Citing an Asian supplier who is allegedly crafting components for Apple's next iPad, Japanese blog Macotakara reported on Wednesday that the next iPad may be thicker for an "unknown reason." That means third-party cases that cover the back side of the device will not be compatible with the next iPad.
However, Apple's first-party magnetic Smart Covers will remain compatible with the third-generation iPad, the source reportedly said. That's because the new iPad, despite being slightly thicker, will have the same rounded side as the iPad 2.
In addition, two back covers (1, 2) claimed to be from prototype iPad hardware are available for sale on the global commerce site Alibaba.com. The plain aluminum backs do not show an Apple logo.
One reason for a thicker frame on the third-generation iPad could be the components necessary to include a high-resolution Retina Display. Numerous rumors have pointed toward Apple increasing the screen resolution of its iPad with a new model anticipated in 2012.
Apple introduced the Retina Display branding with the iPhone 4 starting in 2010. By packing more pixels onto the same screen size, Apple has boasted that the individual pixels are so small that they cannot be distinguished by the human eye.
In order to include a Retina Display, Apple may adopt entirely new display technology. One report in November suggested Apple would use IGZO displays from Sharp to reach a 330 dots-per-inch screen resolution. But that report claimed the IGZO display would also allow for a future iPad to be thinner, not thicker.
Other reports, however, claimed that Apple would utilize a dual-LED light bar system to illuminate the Retina Display of a third-generation iPad.
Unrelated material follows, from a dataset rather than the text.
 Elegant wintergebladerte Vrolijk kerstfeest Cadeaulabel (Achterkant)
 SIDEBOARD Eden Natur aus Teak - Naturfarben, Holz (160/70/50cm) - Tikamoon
Apple's apparent difficulties with the higher resolution displays and new LED backlight designs were said to have already affected the launch schedule of the next iPad.
Some of the confusion surrounding the next iPad coming from Apple's supply chain could be explained by a report from early November, which alleged that Apple has tasked its suppliers with the development of two tablet projects, code-named "J1" and "J2." Both of the new models were said to have different sizes, specifications and technologies from the current-generation iPad 2.